Ultimately, we need to move away from the idea that this is an issue simply for football. Someone recently told me the NCIP is for the good of "the whole of the game in 2015". My response was that I do not care for the good of the whole of the game in 2015. I care for the good of people and communities in 2015, and hope to see that expressed through soccer.
As the father of multiculturalism, Al Grassby, said, this has “with far reaching effects, not just for those involved in soccer.” It’s worth re-reading the recommendations in the Galbally Report from 1978, seen as one of the founding documents of Australian multiculturalism. There are some two statements that go straight to the heart of the club names issue. The report reads:
Provided that ethnic identity is not stressed at the expense of society at large, but is interwoven into the fabric of our nationhood by the process of multicultural interaction, then the community as a whole will benefit substantially and its democratic nature will be reinforced.
Are club names such as Gwelup Croatia elevating ethnic identities “at the expense of society at large”? Perhaps. Many have made the case that ethnic names perpetuate the view that soccer is dominated by ethnic enclaves, and that ethnic names are a harbinger to violence and division at grounds. Others might take the view that "the process of multicultural interaction" is in the playing of soccer against other Australian clubs of various origins.
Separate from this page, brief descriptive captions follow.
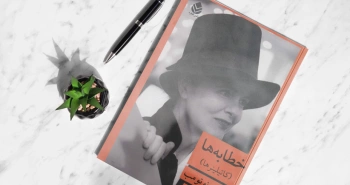 خطابه‌ها/ مناظره‌ی سکوت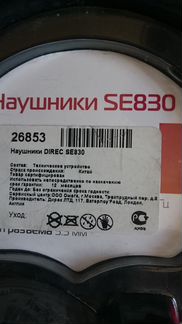 Наушники Direc SE830 новые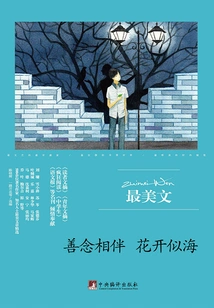 Accompanied by Good Thoughts, Flowers Bloom Like the Sea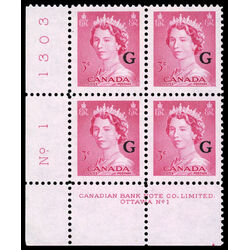 canada stamp o official o35 queen elizabeth ii karsh portrait 3 1953 PB LL %231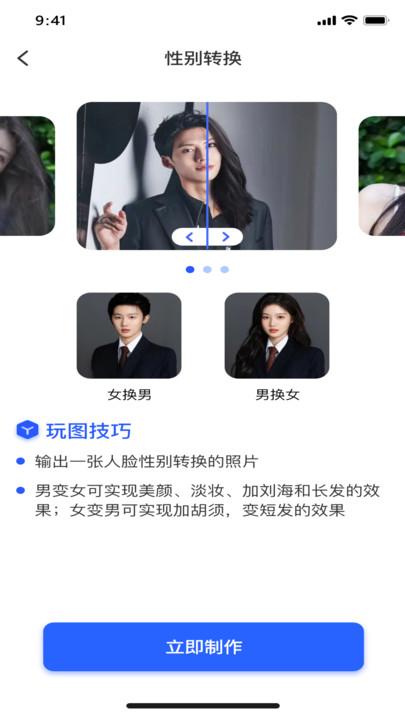 爱换颜app最新版下载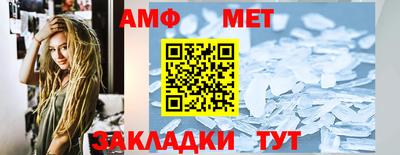 прущая мука Кинель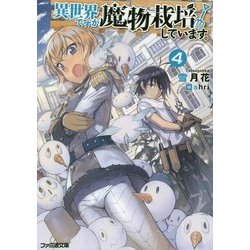 異世界ですが魔物栽培しています。〈4〉(ファミ通文庫) [文庫]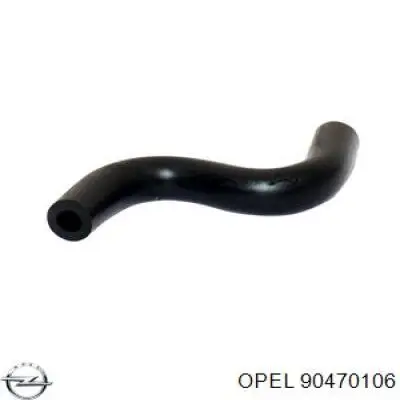  Opel 90470106 цена, от 2.65 USD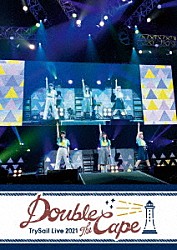 ＴｒｙＳａｉｌ「ＴｒｙＳａｉｌ　Ｌｉｖｅ　２０２１　“Ｄｏｕｂｌｅ　ｔｈｅ　Ｃａｐｅ”」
Indeed the authors of the Report rejected the argument that cultural diversity immediately creates division. “Rather,” they argued, “we believe that hostility and bitterness between groups are often the result of cultural repression.” Is FFA’s ban on national, political or religious names and logos “cultural repression”? Absolutely. The logical question arises – who here is creating the division?
It is true that the Croats will continue to create about the National Club Identity Policy, and most of the clubs of ethnic origin have simply moved on, happy to be known simply by their district or nicknames. This is their right and their prerogative. But just as Essendon Royals are unlikely to revert back to Unione Sportiva Triestina, no club should never be forced to change in order to justify their existence.
A spokesperson for Gwelup Croatia told me there was “no way” they would have changed their name if asked by FFA. Although FFA assure us it’s not the case, it feels as if a battle may have been narrowly avoided. Still, it remains fundamentally different for the membership of a soccer club to decide to change their name, logo or jersey in order to seek broad based approval than for that change to be forced upon them arbitrarily by a administrative body they did not elect to be governed by.
During the recent Asian Cup, soccer-mad Australians of Iranian, Korean, Iraqi and Palestinian heritage support their national teams, bringing with them all the colour and passion that makes soccer “the world game”. Many of these communities have quietly begun their own clubs and federations independently of FFA. There’s Chinese, Lebanese, Somalian and Iranian soccer associations, just to name a few, and many of the people involved in these are aware that FFA don’t want them to form new ethnic clubs. Is this the message that FFA wants to send to the wider community? And as soccer fans, are we complicit in endorsing this message?
At some point, lest we argue about this for another 50 years, we’re going to have to accept that in a multicultural society ‘Croatia’ is not foreign, nor is ‘Maccabi Hakoah’, nor is ‘’ for that matter. Once people arrive here and set down roots, their cultural inheritance becomes part of Australia. Even if we hate the Croats, we are all Gwelup Croatia.